*Work order*:
The answer must be an exact copy of the lines from the one containing "通用GD柴发机组官网技术参数（临时用）2022.7.27.jpg" through the final line of the material, both included, and nothing else.

*Extracted data*:

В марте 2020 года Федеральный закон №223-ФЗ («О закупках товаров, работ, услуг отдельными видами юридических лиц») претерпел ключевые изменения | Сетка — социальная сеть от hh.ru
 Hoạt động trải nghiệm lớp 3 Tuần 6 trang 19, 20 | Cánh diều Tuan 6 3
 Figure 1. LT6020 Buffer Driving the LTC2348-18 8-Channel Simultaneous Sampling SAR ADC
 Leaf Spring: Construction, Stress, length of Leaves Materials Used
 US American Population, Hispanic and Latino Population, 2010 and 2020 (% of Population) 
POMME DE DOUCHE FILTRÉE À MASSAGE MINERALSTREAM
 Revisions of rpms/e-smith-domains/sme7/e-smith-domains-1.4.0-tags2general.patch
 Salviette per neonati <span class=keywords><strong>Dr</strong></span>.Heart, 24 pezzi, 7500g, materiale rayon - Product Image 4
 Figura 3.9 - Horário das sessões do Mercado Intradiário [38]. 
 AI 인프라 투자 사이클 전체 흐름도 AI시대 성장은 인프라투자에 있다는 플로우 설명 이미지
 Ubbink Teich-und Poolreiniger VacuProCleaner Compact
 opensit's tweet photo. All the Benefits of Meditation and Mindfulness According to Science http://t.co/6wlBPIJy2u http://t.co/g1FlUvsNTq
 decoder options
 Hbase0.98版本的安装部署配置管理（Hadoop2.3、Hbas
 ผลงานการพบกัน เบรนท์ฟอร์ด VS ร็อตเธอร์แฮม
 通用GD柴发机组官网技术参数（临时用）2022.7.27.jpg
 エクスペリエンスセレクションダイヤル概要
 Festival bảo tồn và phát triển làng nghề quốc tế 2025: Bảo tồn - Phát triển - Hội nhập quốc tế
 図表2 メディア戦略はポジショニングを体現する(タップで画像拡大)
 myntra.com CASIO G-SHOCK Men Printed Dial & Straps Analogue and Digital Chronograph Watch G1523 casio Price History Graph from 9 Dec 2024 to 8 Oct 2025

*Answer section*:
 通用GD柴发机组官网技术参数（临时用）2022.7.27.jpg
 エクスペリエンスセレクションダイヤル概要
 Festival bảo tồn và phát triển làng nghề quốc tế 2025: Bảo tồn - Phát triển - Hội nhập quốc tế
 図表2 メディア戦略はポジショニングを体現する(タップで画像拡大)
 myntra.com CASIO G-SHOCK Men Printed Dial & Straps Analogue and Digital Chronograph Watch G1523 casio Price History Graph from 9 Dec 2024 to 8 Oct 2025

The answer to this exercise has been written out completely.